▶ SOURCE MATERIAL
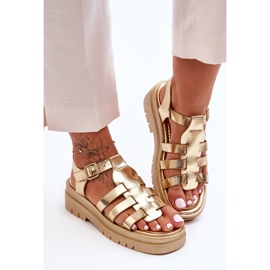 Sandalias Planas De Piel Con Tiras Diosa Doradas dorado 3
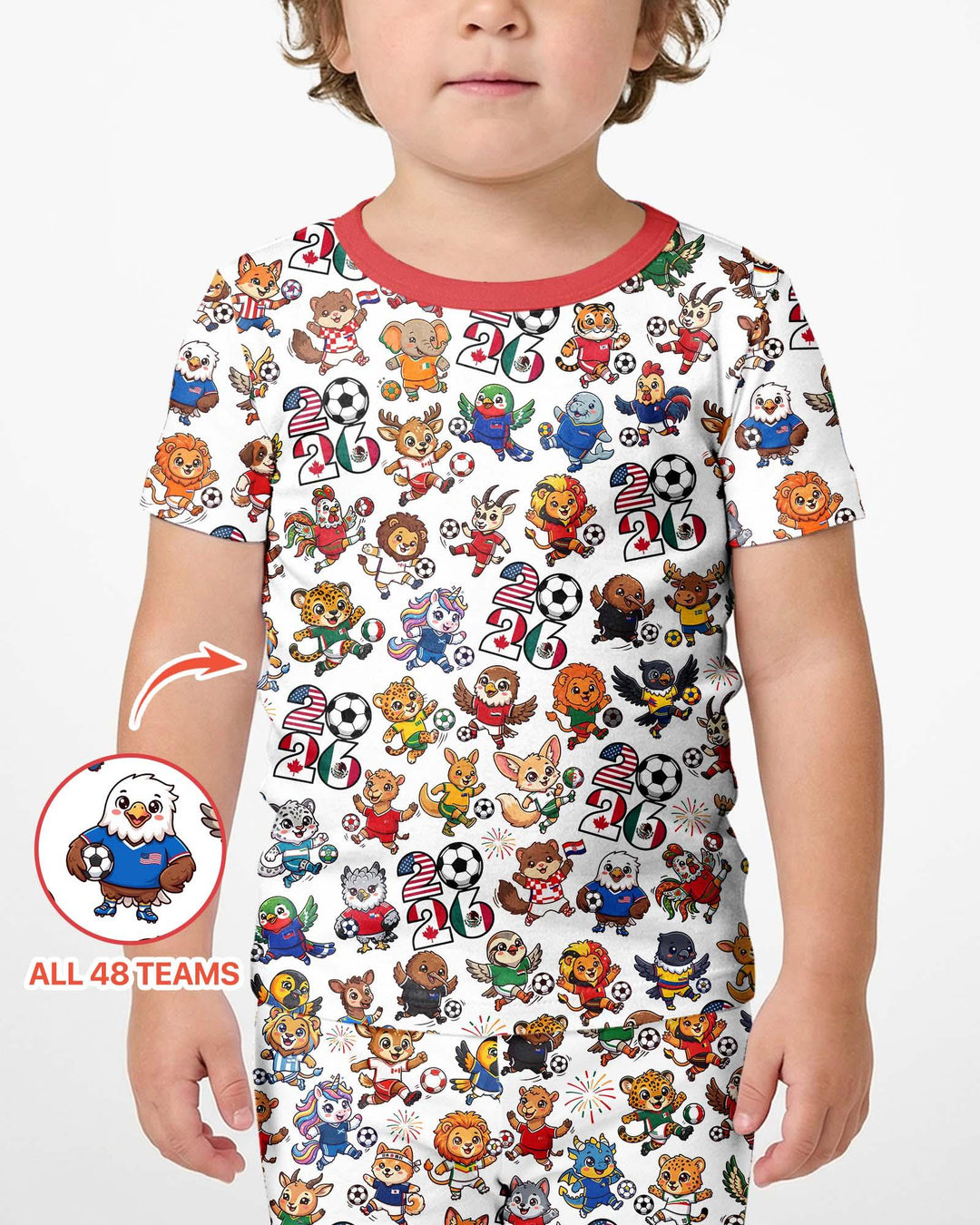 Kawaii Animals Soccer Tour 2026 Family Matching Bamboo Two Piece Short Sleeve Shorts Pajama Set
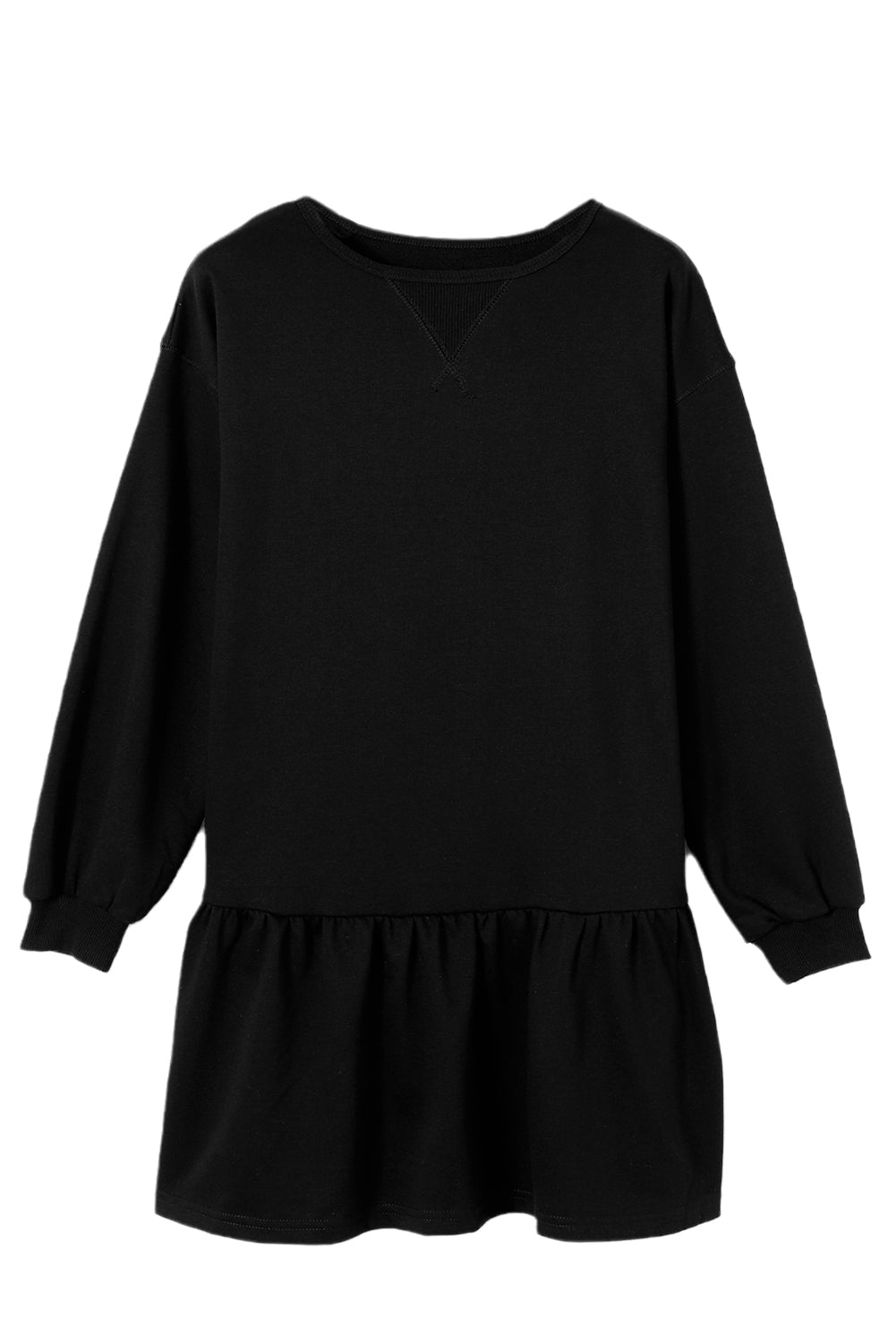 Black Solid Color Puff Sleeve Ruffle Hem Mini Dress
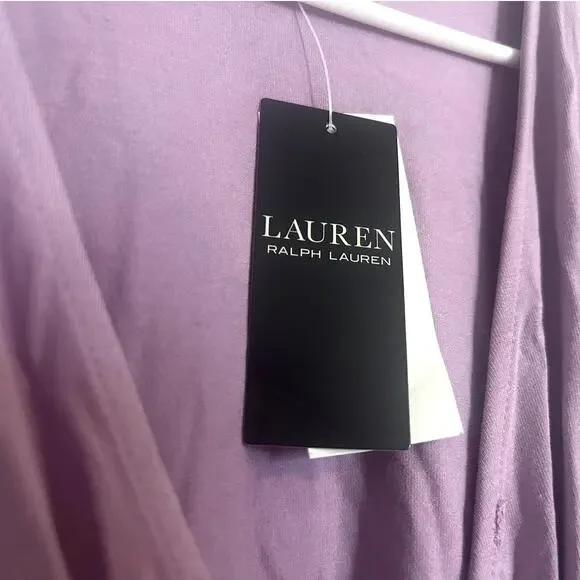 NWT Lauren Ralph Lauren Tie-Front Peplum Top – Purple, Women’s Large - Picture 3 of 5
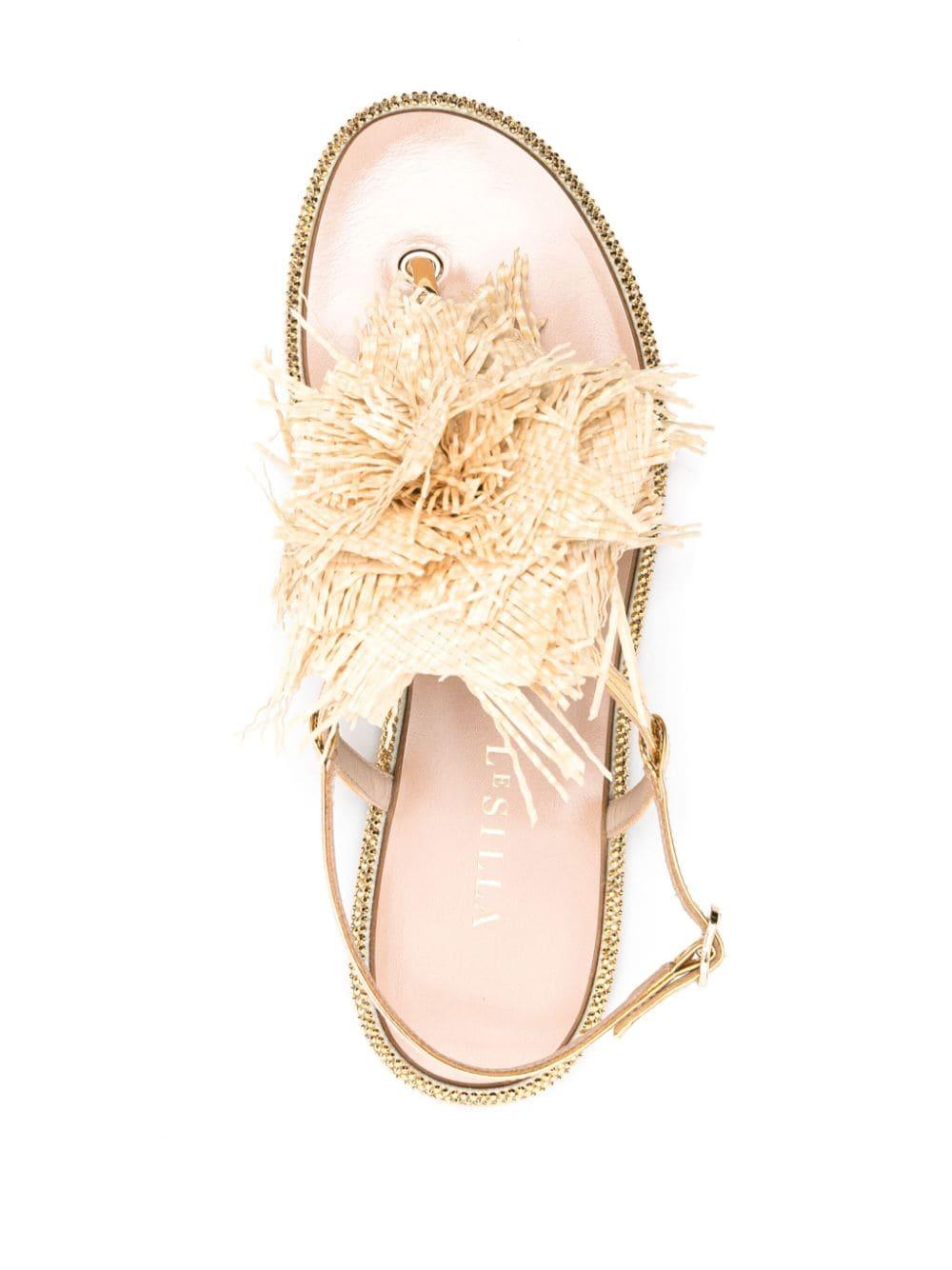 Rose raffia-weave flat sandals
==
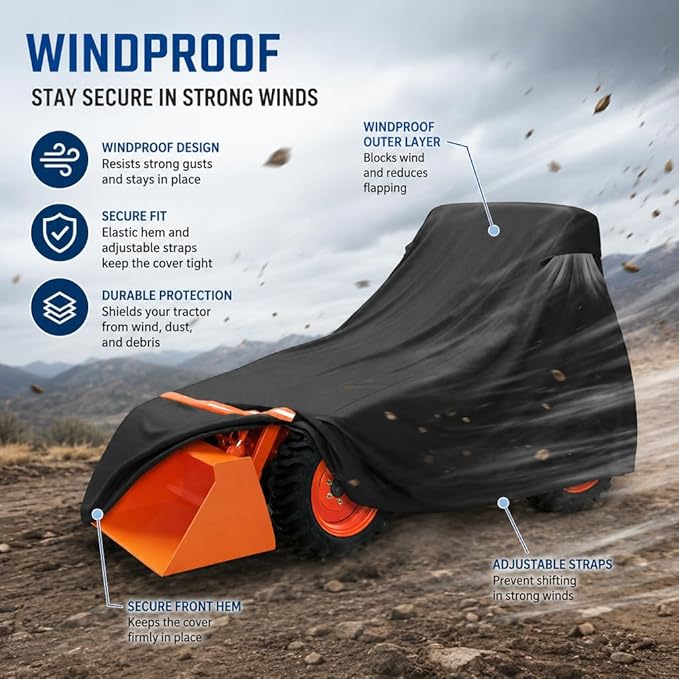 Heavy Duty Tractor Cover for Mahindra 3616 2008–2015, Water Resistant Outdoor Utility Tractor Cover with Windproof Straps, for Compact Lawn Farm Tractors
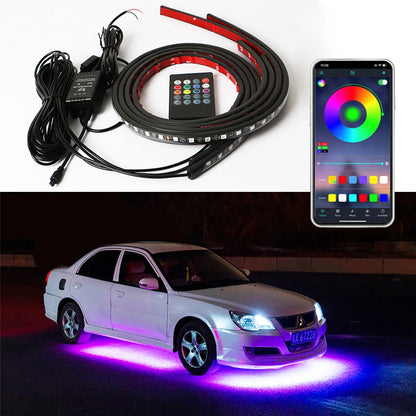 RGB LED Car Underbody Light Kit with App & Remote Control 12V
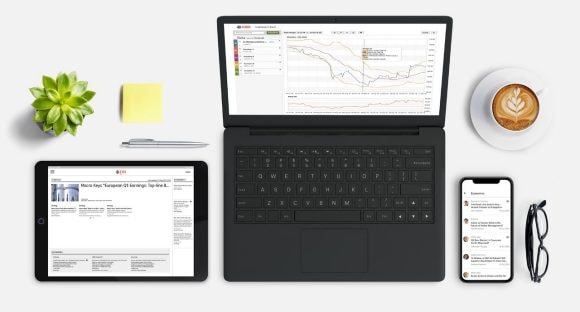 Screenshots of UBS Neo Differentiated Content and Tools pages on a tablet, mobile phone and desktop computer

▶ WORK ITEM
From the listing above, please give again the lines that begin with the line holding "Sandalias Planas De" and go on through the line holding "Rose raffia-weave flat sandals", exactly, both ends included, minus any picture.

▶ RESPONSE BOX
 Sandalias Planas De Piel Con Tiras Diosa Doradas dorado 3
 Kawaii Animals Soccer Tour 2026 Family Matching Bamboo Two Piece Short Sleeve Shorts Pajama Set
 Black Solid Color Puff Sleeve Ruffle Hem Mini Dress
 NWT Lauren Ralph Lauren Tie-Front Peplum Top – Purple, Women’s Large - Picture 3 of 5
 Rose raffia-weave flat sandals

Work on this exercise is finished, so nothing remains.